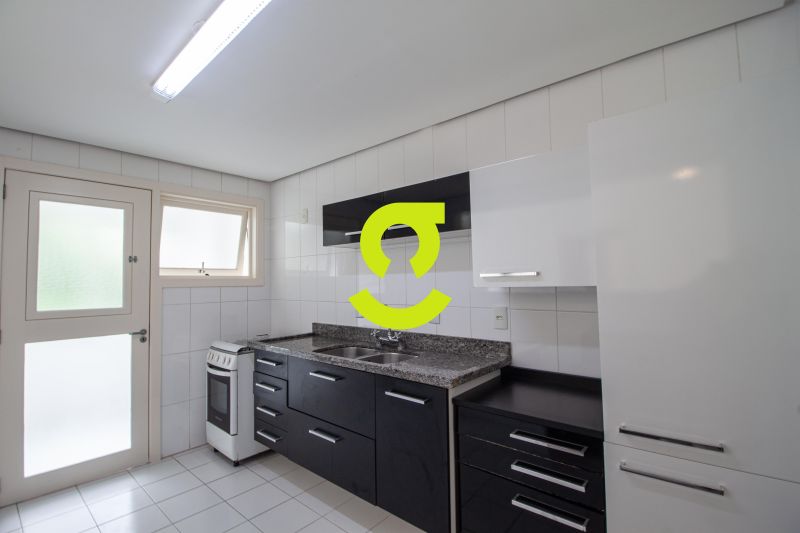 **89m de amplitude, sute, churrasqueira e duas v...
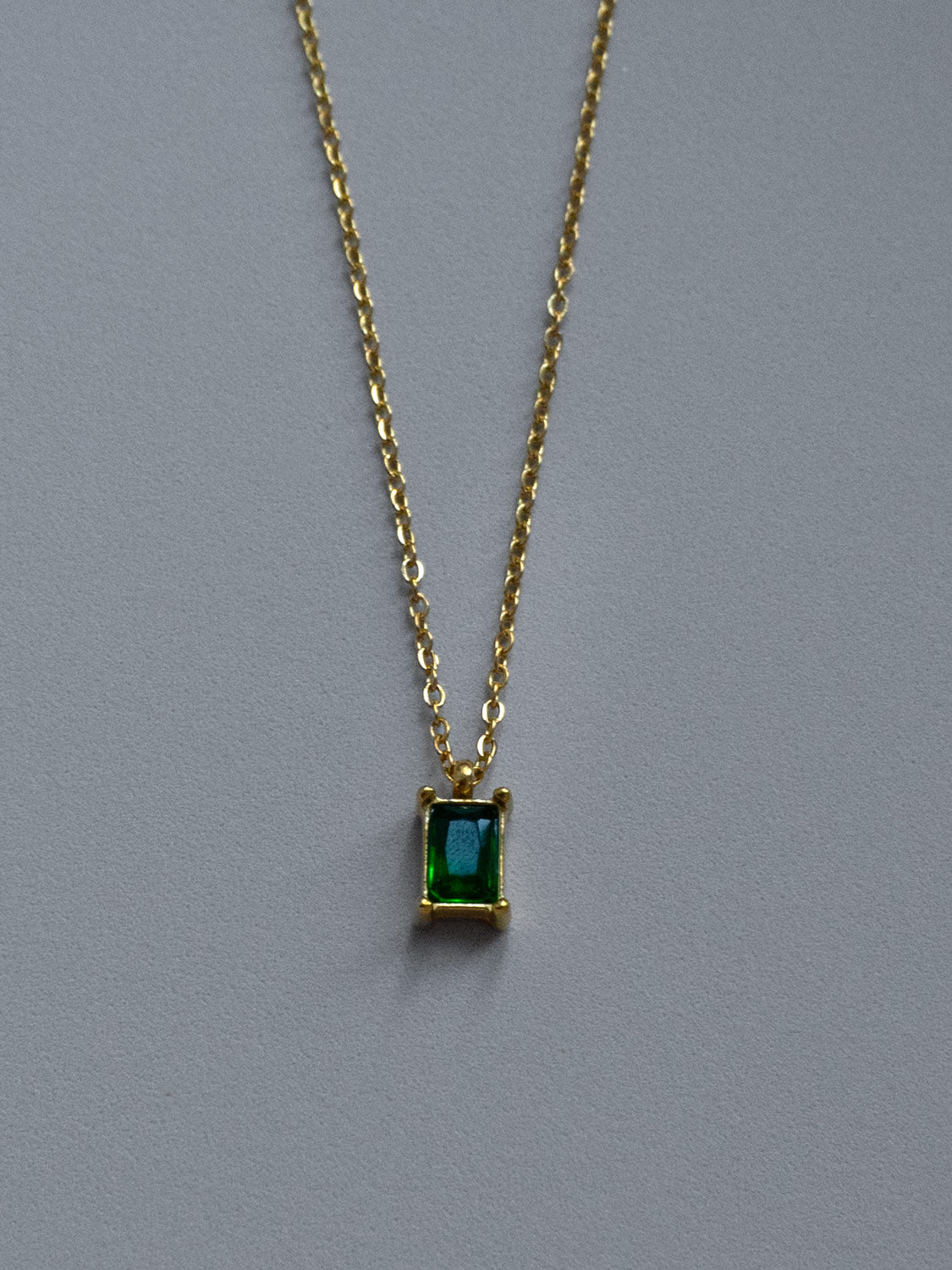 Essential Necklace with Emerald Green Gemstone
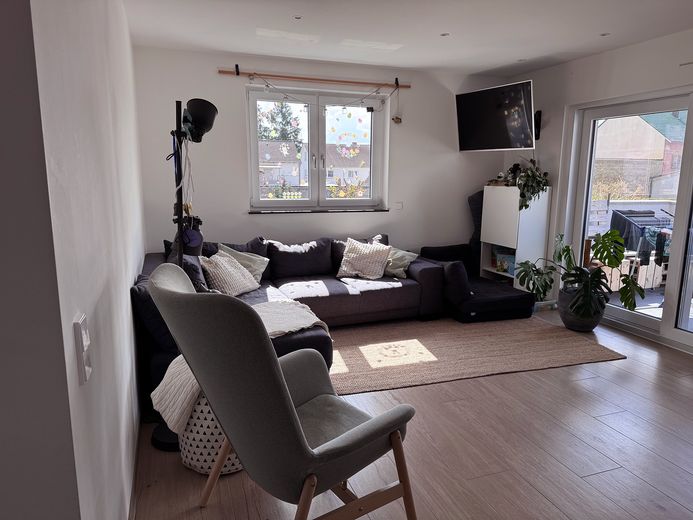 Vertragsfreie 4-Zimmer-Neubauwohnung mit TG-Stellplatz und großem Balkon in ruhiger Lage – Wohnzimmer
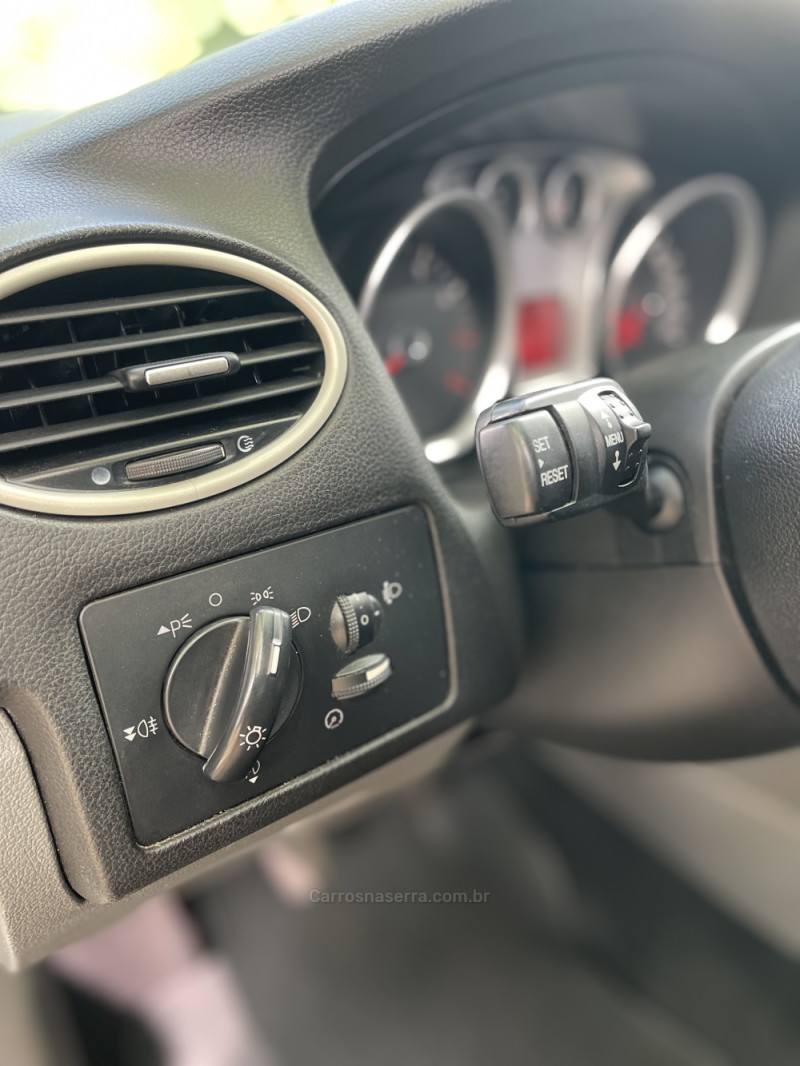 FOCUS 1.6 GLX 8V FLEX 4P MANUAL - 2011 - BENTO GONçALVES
...
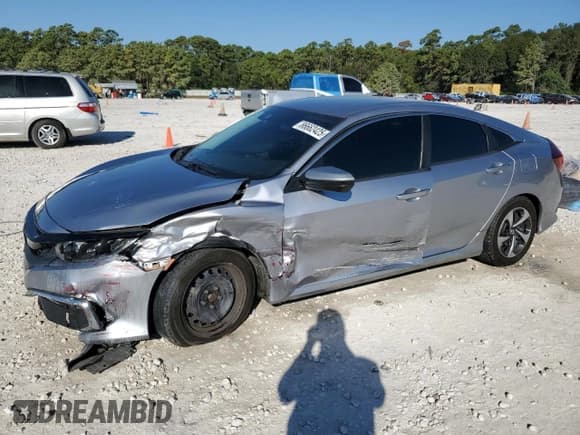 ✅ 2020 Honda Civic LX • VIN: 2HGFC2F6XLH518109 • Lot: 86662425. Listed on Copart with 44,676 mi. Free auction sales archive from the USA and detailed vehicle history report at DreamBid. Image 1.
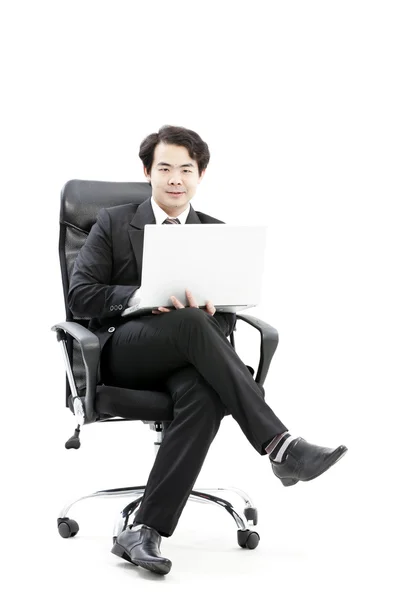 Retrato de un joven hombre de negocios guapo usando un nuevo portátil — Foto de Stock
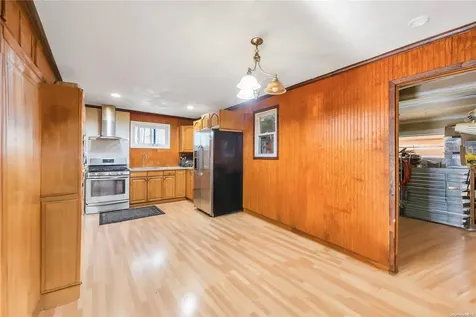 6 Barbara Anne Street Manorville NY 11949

> Your goal
An exact copy is needed. It runs from the line above containing "Retrato de un" down to the line containing "6 Barbara Anne Street Manorville NY 11949", both included, with no pictures.

> Exercise response
 Retrato de un joven hombre de negocios guapo usando un nuevo portátil — Foto de Stock
 6 Barbara Anne Street Manorville NY 11949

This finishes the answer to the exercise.